In reply, ld.DR vehemently supported the order of ld.CIT(A) and the order of ld.Assessing Officer. Ld.DR submitted that just because of drop in the euro rate would not make much difference because the assessee is in the business of not only export, but also doing local sales. It was a submission that the same argument was placed before the ld.CIT(A) and the ld.CIT(A) had dismissed the said argument on ground that the said fluctuation resulting in the drop in the net profit was not supported by the documents like sale invoices and receipts. It was a submission that the assessee’s own net profit for the immediately preceding assessment year, which has been adopted, was the lowest when compared to the earlier assessment years. It was a submission that the orders of the ld.CIT(A) and the ld.Assessing Officer were liable to be sustained.
I have considered the rival submissions.

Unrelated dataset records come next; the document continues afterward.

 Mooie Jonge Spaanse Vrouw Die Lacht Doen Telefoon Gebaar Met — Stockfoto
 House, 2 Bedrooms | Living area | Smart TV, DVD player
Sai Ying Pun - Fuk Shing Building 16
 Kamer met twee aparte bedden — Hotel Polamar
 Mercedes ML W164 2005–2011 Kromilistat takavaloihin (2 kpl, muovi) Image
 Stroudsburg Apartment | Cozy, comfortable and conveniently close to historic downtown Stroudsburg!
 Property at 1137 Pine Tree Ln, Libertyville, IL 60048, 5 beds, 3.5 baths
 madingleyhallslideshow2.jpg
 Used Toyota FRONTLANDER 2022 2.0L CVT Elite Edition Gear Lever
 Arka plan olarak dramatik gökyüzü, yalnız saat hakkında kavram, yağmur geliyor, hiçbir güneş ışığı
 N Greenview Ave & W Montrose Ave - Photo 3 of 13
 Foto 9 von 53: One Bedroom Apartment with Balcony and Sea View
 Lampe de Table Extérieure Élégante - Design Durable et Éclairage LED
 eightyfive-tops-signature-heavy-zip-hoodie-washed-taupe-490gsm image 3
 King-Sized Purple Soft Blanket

A drop in the euro rate by nearly rupee 14.67 escalates into percentage difference of 17.76%, when the euro rate of 82.58 is considered. When considering the net profit rate of 1.37% is considered as disclosed for immediately preceding assessment year, the drop in the euro rate for the relevant assessment year is to an extent of 17.76% whereas assessee’s net profit has dropped by only few point percentages. Obviously, this is not the reason for the drop in the net profit. Further, as has been mentioned by the ld.CIT(A), the assessee has not been able to substantiate how this drop in euro has affected the net profit margin with any supporting documents like sale invoices and receipts. This being so, I find no error in the order of the ld.CIT(A), which calls for any interference.
In the result, the appeal of the assessee is dismissed.
Order pronounced on 12th July, 2019, at Chennai.